> [Exercise prompt]
Write out exactly, with both ends included, the lines that run from the line containing "Brabus Mercedes-AMG E53 front" to the end of the entries. Pictures are not part of the answer.

[Excerpts from a dataset]
####################

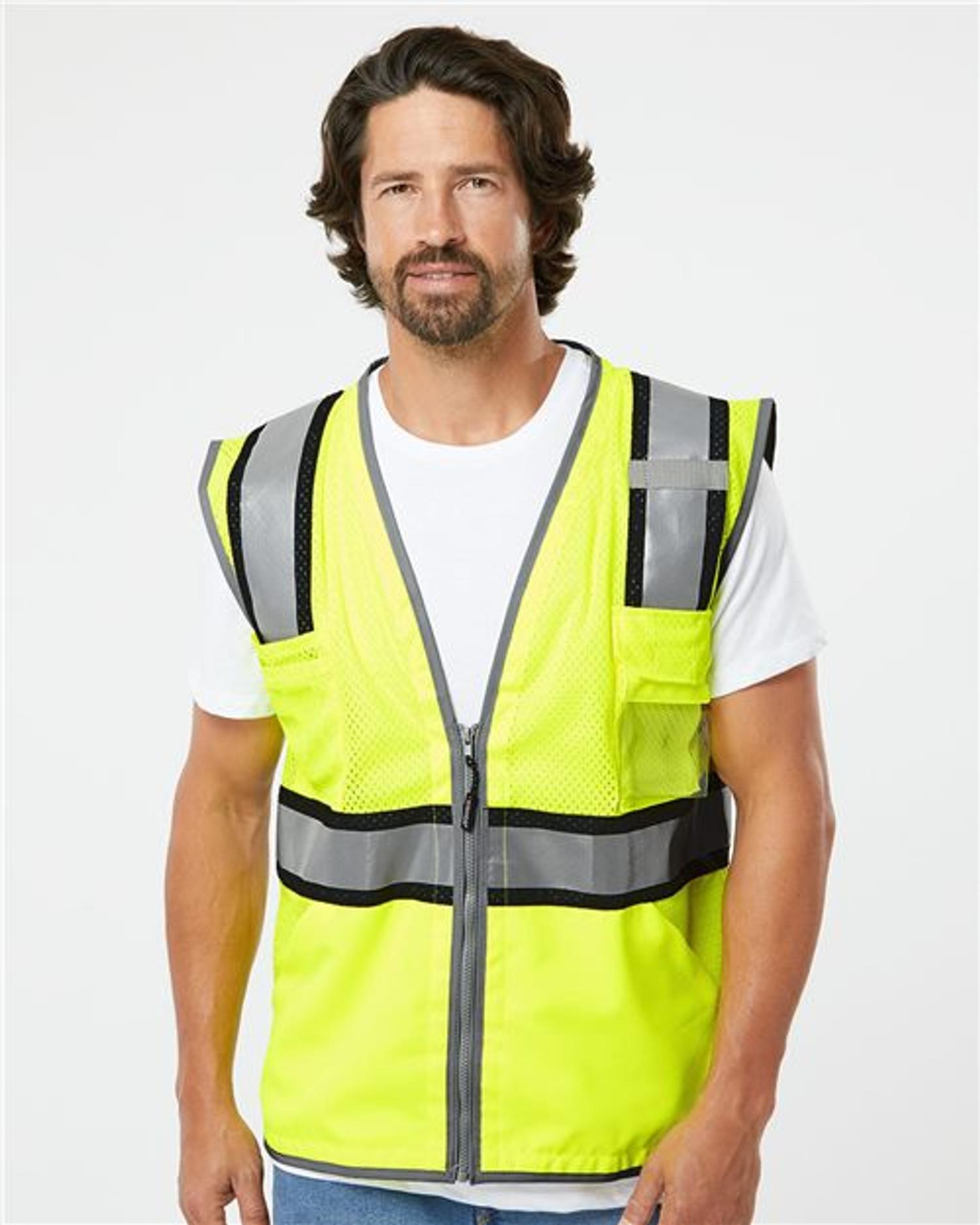 Premium Brilliant Series® Ultimate Reflective Vest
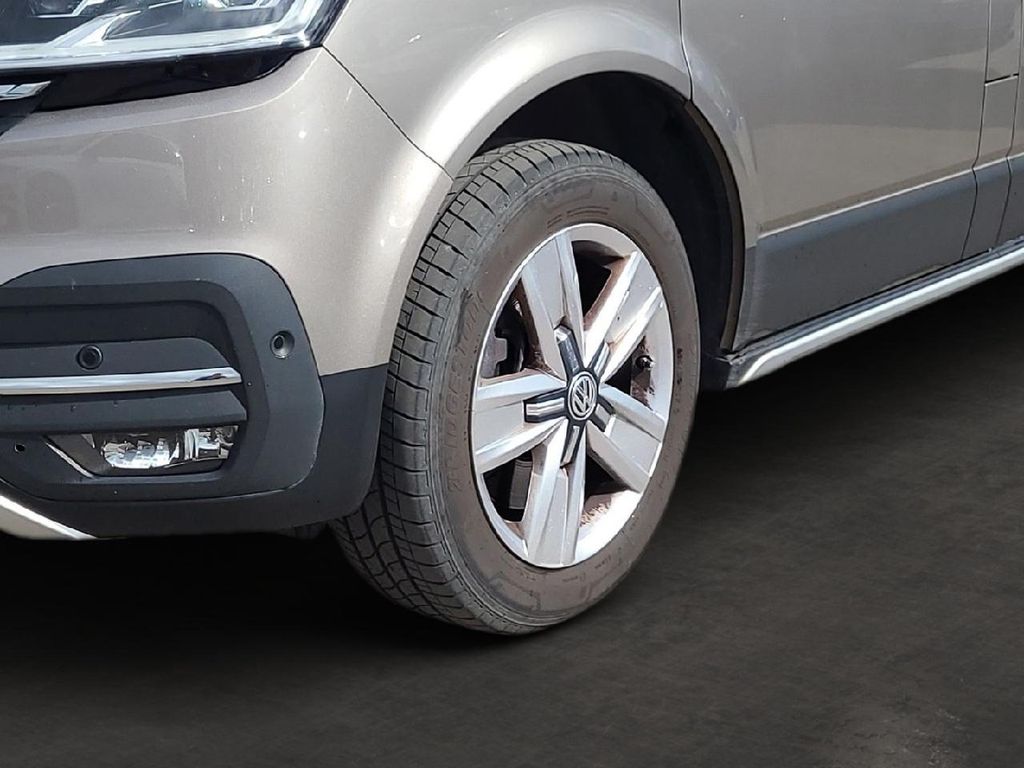 Volkswagen T6 Multivan 2021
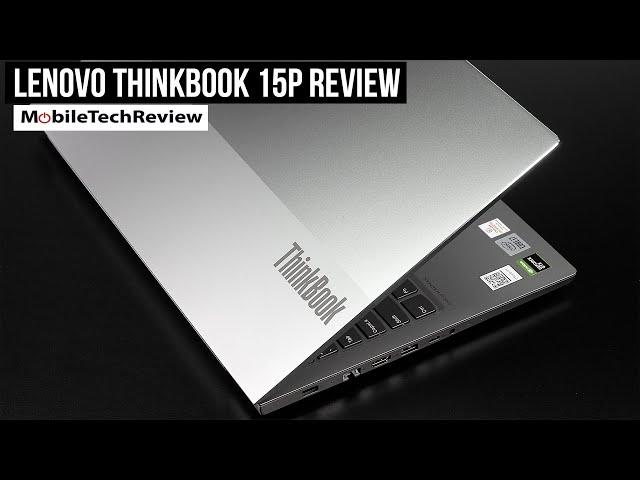 Lenovo ThinkBook 15P Review
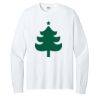 1-DAY NO MINIMUM Unisex Long Sleeve Crewneck T-Shirt Thumbnail
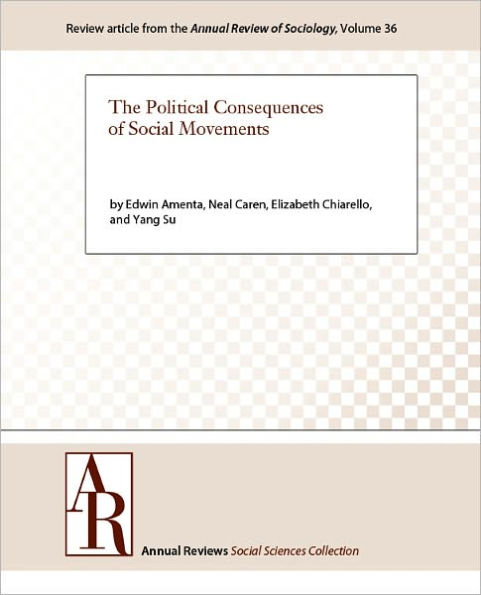 The Political Consequences of Social Movements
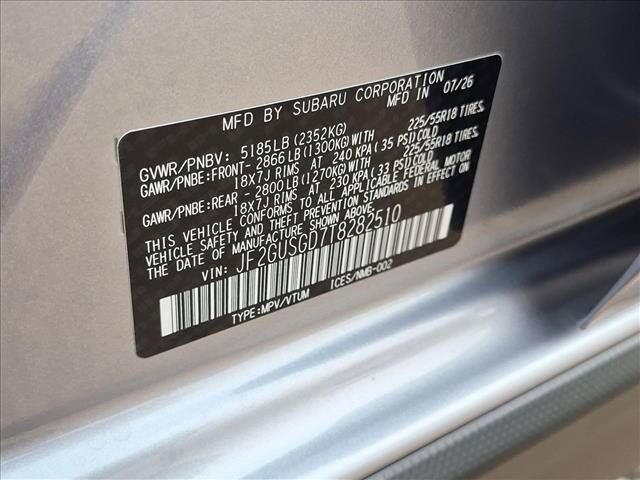 2026 Subaru Crosstrek Sport Hybrid Roseville CA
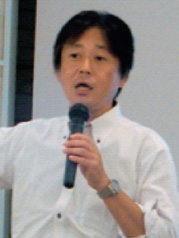 小山嚴也氏（関東学院大学副学長・経営学部教授）の写真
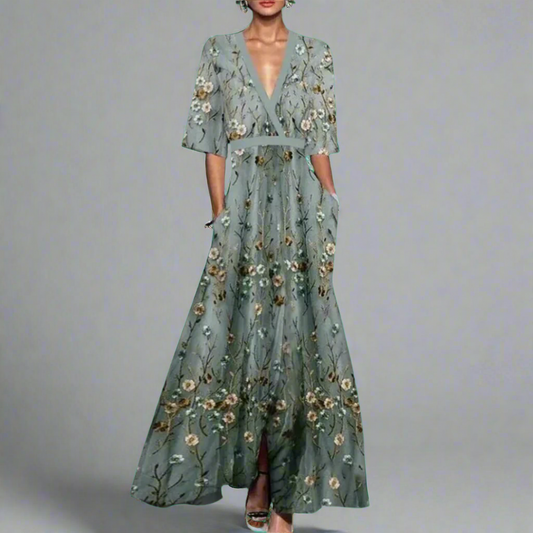 Zara | Elegantes Sommerkleid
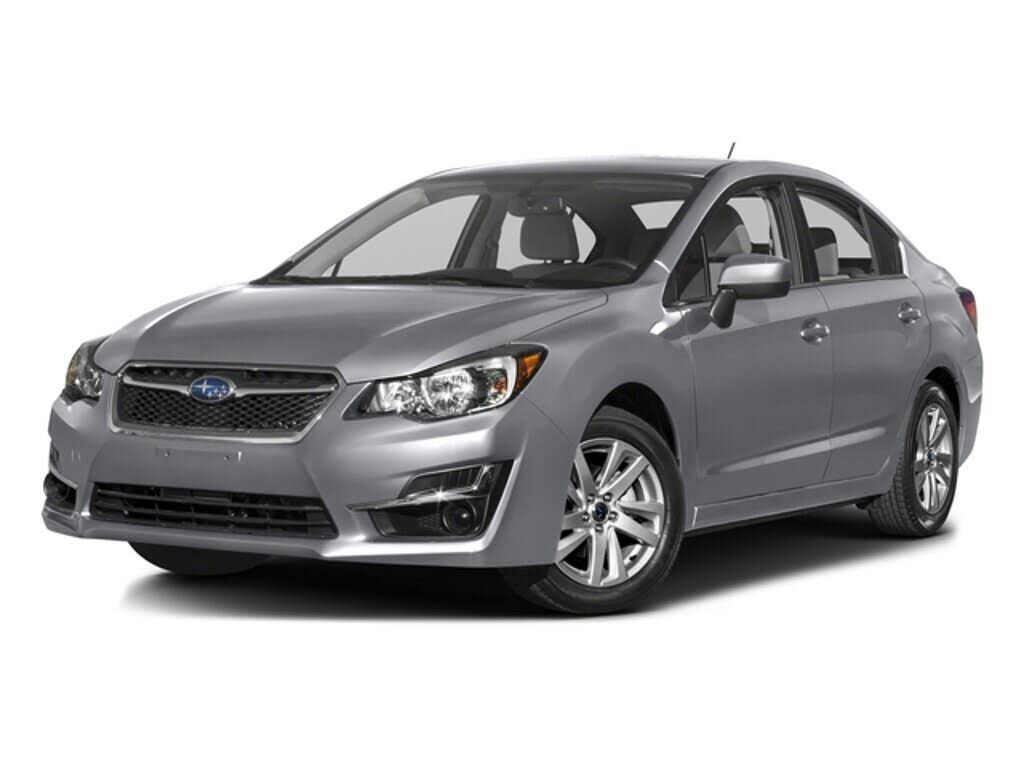2016 SUBARU Impreza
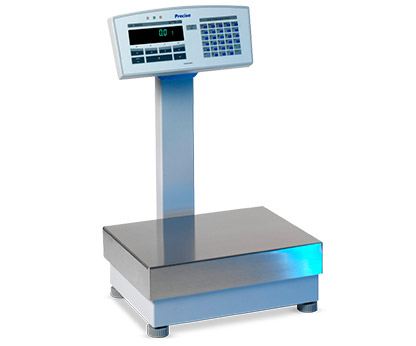 Básculas industriales - Precisa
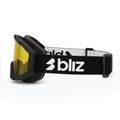 Skibrille Bliz Liner matte black/yellow 4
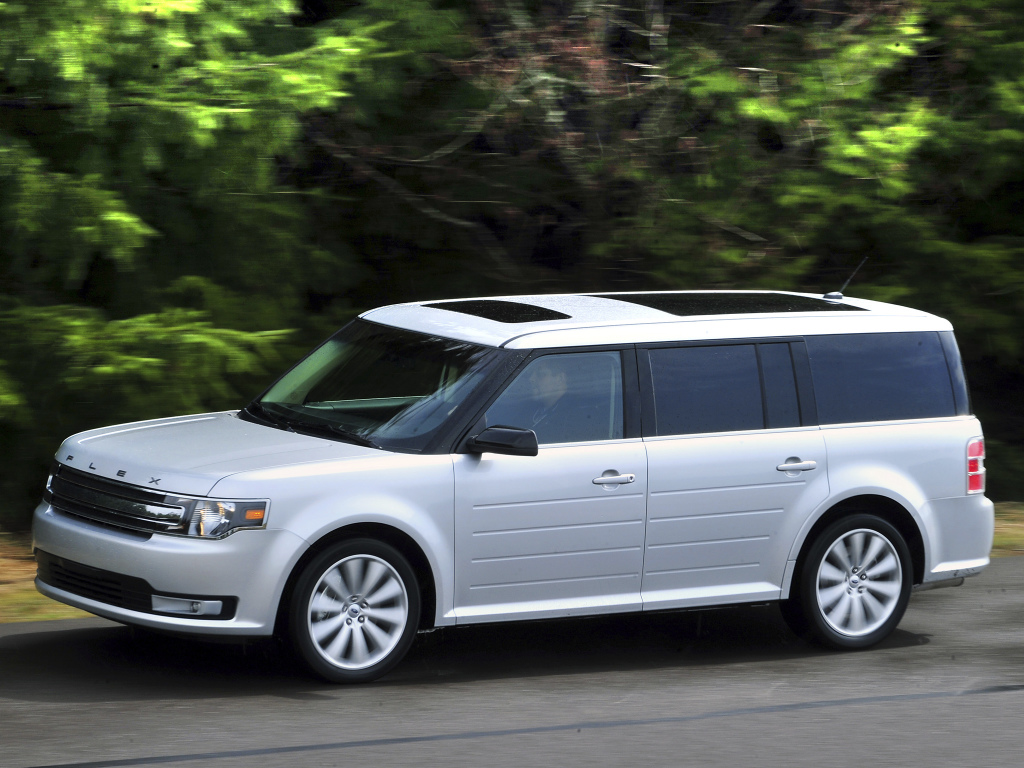 Ford Flex koniec produkcji 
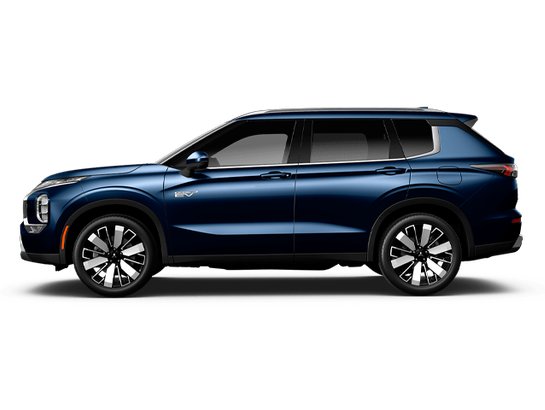 Mitsubishi Outlander PHEV SEL 2026 Bleu cosmique métallisé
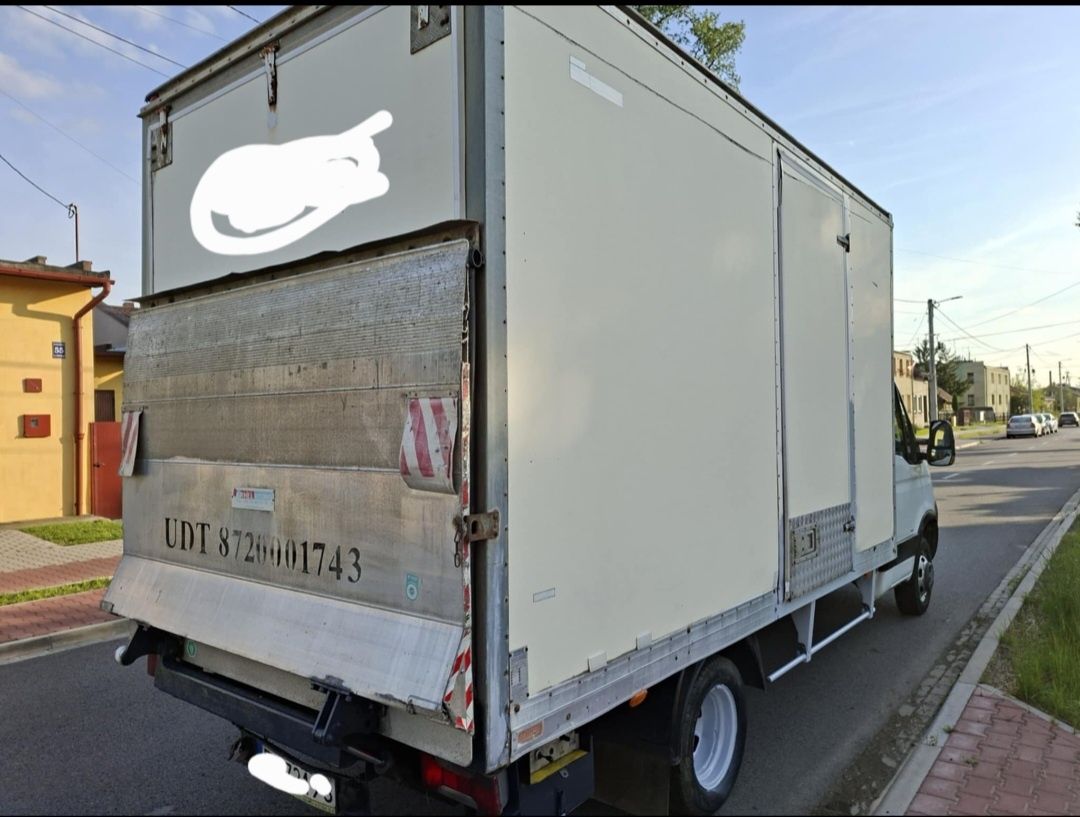Iveco Daily 35C12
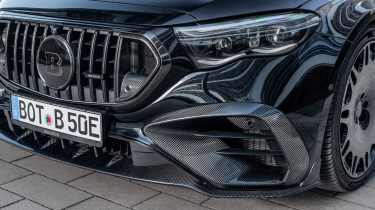 Brabus Mercedes-AMG E53 front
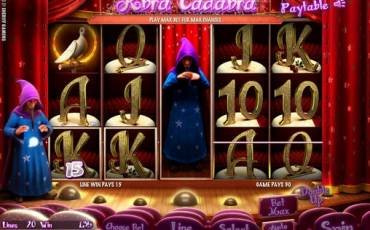 Abra Cadabra slot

####################

> [Solution]
 Brabus Mercedes-AMG E53 front
 Abra Cadabra slot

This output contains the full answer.